How Modern Society Impoverishes Everyone

In life, you either concentrate power or distribute it. Humans, who want to believe that life owes them something, clamor for its distribution but like most things that they pursue, this ends them because then they spend all their time bickering over who should lead. Concentrated power, it turns out, is necessary.

The same applies to wealth. If you distribute it, you make it worth less because of the costs of distributing it that are passed down the line. If you concentrate it, you have a few very wealthy people but also a vast majority of people who live well because they do not assume the costs of trying to distribute wealth.

Consider a town. We have ten rich families, ninety upper half of middle class families, and nine hundred families who are either poor or of average income, straight in the middle class zone, which is actually quite broad. Everyone does fairly well for themselves.

Then we decide that, since out of those nine hundred, two hundred families are living in near-poverty, we are going to distribute wealth. In comes a property tax and a sales tax, plus the town raises its corporate tax. This sounds good to the voters, since it takes money from those that have it, and gives to those that do not. Q.E.D. problem solved. Right?

Not really. As it turns out, businesses and individuals share a simple formula: they pass on costs to those who buy their products. When you raise the corporate tax, products get more expensive; when you start with a property tax, everyone paying that tax charges more for their services. This in turn requires companies to raise salaries and pass that along, too.
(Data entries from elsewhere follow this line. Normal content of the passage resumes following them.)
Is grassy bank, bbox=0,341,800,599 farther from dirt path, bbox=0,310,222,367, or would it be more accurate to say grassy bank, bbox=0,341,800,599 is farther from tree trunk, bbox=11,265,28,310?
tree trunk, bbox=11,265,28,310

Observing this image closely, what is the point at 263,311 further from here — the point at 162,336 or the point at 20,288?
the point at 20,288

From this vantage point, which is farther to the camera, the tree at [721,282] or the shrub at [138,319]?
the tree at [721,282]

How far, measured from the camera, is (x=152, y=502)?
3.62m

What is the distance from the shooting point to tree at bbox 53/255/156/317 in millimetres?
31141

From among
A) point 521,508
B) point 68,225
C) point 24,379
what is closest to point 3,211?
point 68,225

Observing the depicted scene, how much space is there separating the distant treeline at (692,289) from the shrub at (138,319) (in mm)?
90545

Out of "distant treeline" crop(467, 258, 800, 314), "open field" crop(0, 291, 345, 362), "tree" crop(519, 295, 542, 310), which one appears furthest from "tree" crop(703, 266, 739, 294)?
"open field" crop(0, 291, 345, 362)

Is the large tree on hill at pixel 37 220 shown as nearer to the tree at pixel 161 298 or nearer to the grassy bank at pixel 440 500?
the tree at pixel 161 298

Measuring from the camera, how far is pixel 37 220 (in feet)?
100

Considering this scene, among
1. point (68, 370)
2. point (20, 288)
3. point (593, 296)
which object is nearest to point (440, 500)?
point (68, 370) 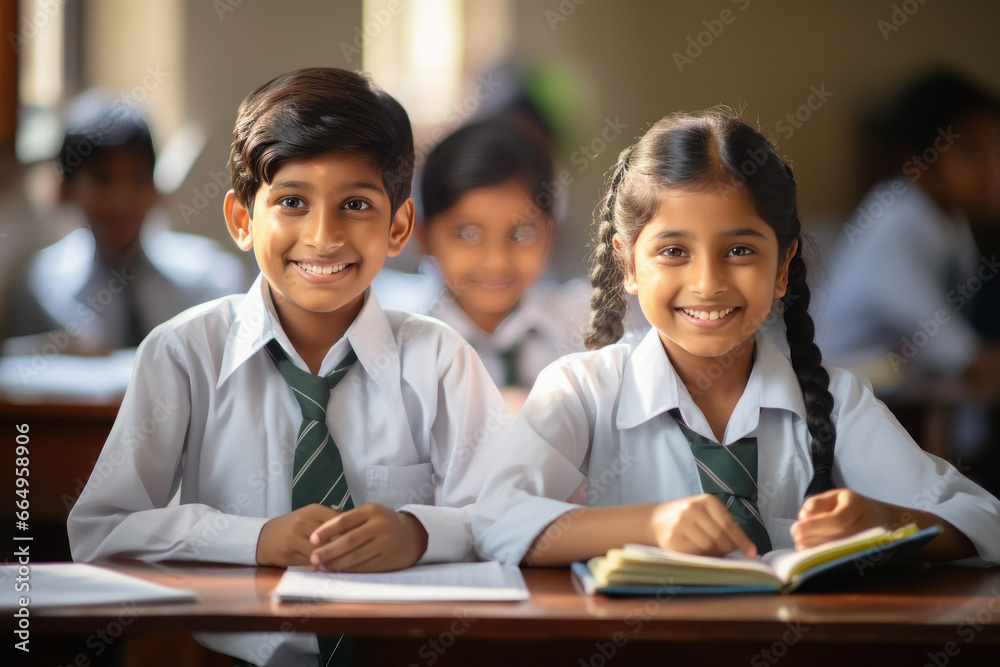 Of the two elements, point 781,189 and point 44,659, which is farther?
point 781,189

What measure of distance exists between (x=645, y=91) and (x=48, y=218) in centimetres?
233

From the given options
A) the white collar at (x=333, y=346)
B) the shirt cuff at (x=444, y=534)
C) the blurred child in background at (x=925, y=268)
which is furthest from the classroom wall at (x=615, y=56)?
the shirt cuff at (x=444, y=534)

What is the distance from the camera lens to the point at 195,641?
172 cm

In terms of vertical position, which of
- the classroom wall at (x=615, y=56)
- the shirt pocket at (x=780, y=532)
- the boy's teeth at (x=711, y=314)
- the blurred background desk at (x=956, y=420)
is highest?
the classroom wall at (x=615, y=56)

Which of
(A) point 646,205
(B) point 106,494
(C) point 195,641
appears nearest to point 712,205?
(A) point 646,205

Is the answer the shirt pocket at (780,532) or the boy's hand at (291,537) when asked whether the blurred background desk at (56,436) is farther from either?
the shirt pocket at (780,532)

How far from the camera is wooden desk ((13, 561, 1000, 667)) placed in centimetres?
91

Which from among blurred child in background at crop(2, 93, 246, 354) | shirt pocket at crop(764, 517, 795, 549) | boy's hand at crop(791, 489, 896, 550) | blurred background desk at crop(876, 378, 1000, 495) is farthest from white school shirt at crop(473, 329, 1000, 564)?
blurred child in background at crop(2, 93, 246, 354)

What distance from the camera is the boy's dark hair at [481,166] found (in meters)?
2.39

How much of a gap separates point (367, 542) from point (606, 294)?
0.75 metres

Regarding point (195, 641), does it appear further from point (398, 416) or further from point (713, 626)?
point (713, 626)

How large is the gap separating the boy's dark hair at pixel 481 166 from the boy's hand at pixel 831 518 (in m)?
1.42

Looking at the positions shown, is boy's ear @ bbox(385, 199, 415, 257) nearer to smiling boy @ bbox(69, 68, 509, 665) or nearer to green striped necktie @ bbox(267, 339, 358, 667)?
smiling boy @ bbox(69, 68, 509, 665)

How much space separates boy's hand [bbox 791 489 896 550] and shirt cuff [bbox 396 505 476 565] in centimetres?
50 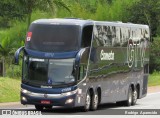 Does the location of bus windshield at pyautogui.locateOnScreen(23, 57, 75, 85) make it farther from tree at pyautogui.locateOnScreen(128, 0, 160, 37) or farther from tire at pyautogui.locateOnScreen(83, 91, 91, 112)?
tree at pyautogui.locateOnScreen(128, 0, 160, 37)

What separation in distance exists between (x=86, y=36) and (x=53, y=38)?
1.36 m

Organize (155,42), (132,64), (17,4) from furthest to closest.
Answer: (155,42) → (17,4) → (132,64)

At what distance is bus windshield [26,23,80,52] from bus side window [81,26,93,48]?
43cm

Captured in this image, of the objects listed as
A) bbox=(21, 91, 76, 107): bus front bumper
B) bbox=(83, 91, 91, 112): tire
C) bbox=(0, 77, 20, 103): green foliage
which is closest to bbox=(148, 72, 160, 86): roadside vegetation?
bbox=(0, 77, 20, 103): green foliage

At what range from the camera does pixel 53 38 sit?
22547 mm

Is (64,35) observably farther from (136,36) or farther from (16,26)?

This town, after the taxes, sees the costs of certain services nearly double. You can no longer go to the doctor for a relatively low cost, because she is passing along her corporate and property taxes. Your insurance costs more. If you rent, your landlord is dealing with all of this stuff, and so he raises rents.

This takes us to today’s illustration of how Leftist policies will never work and will always wreck any civilization stupid enough to try them, as seen in declining quality of life despite all this nifty free stuff from government:

Esther Akutekha, who lives in Brooklyn, New York, has a good job as a public relations specialist that pays more than $50,000 a year.

But because of the $1,440 a month rent on her studio apartment in the Prospect-Lefferts Gardens neighborhood, she never takes vacations, dines out just once a month and scrapes together dinner leftovers for lunch the next day.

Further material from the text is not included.